== WORK ITEM ==
Although the records contain pictures, print none of them; print exactly the lines from the one with "gothic hunter woman" through the last line.

■ ■ ■

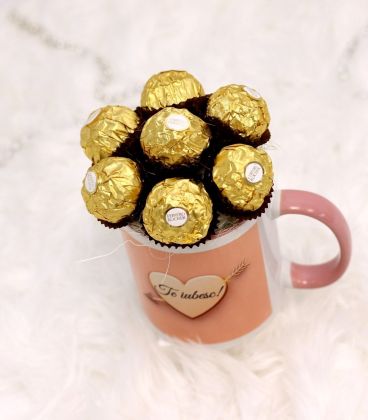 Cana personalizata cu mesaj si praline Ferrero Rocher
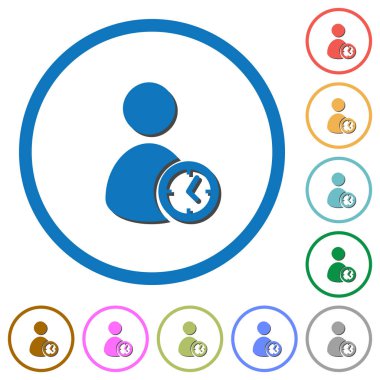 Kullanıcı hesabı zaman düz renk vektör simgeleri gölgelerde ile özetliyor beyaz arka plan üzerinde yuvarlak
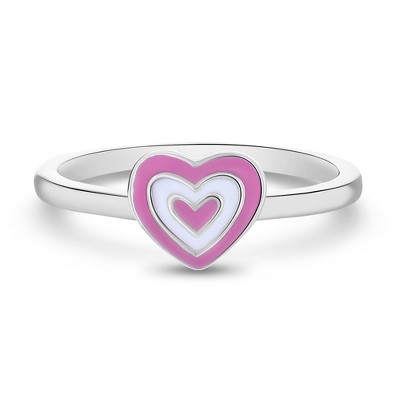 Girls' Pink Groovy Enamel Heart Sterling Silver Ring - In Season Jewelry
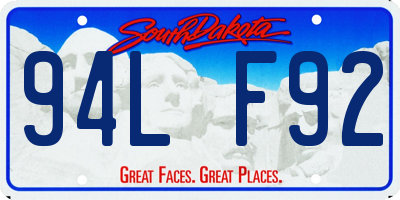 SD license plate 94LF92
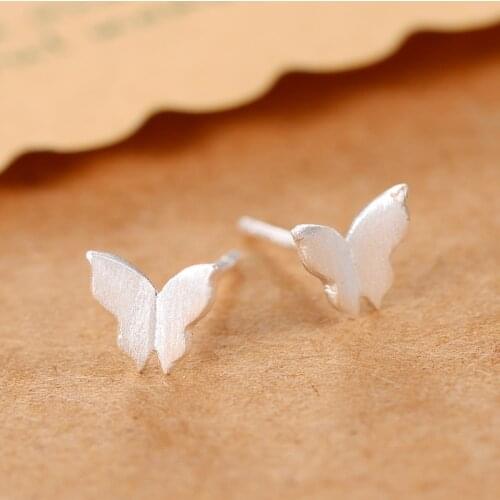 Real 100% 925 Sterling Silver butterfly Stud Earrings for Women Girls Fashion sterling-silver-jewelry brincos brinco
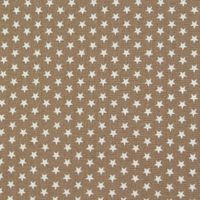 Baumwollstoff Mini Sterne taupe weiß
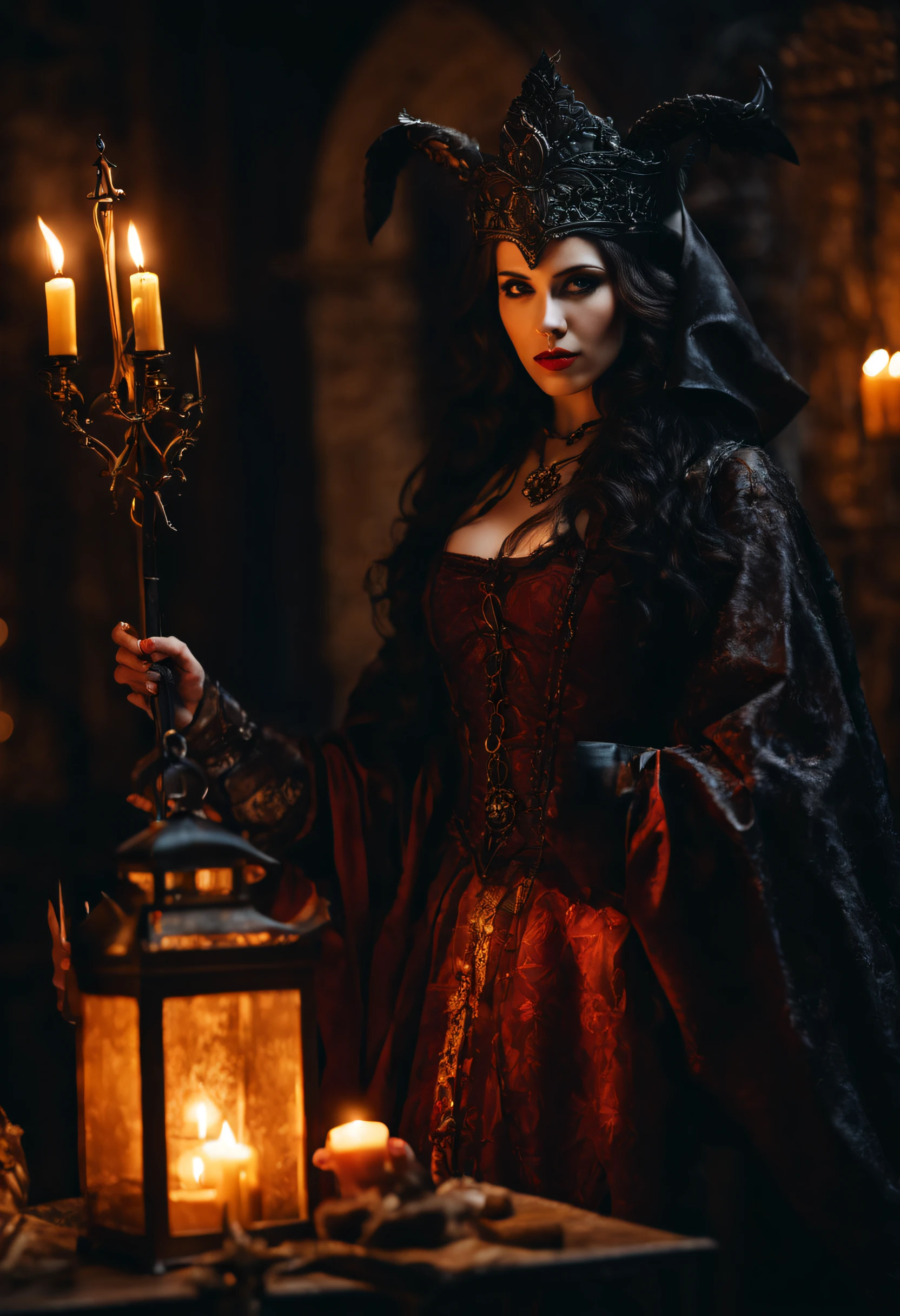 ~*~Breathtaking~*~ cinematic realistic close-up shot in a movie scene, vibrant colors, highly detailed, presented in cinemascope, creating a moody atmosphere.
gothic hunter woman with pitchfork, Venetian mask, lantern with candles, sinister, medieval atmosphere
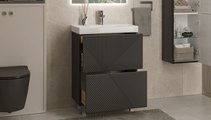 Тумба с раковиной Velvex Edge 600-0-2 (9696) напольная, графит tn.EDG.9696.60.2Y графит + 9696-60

■ ■ ■

== YOUR RESPONSE ==
gothic hunter woman with pitchfork, Venetian mask, lantern with candles, sinister, medieval atmosphere
 Тумба с раковиной Velvex Edge 600-0-2 (9696) напольная, графит tn.EDG.9696.60.2Y графит + 9696-60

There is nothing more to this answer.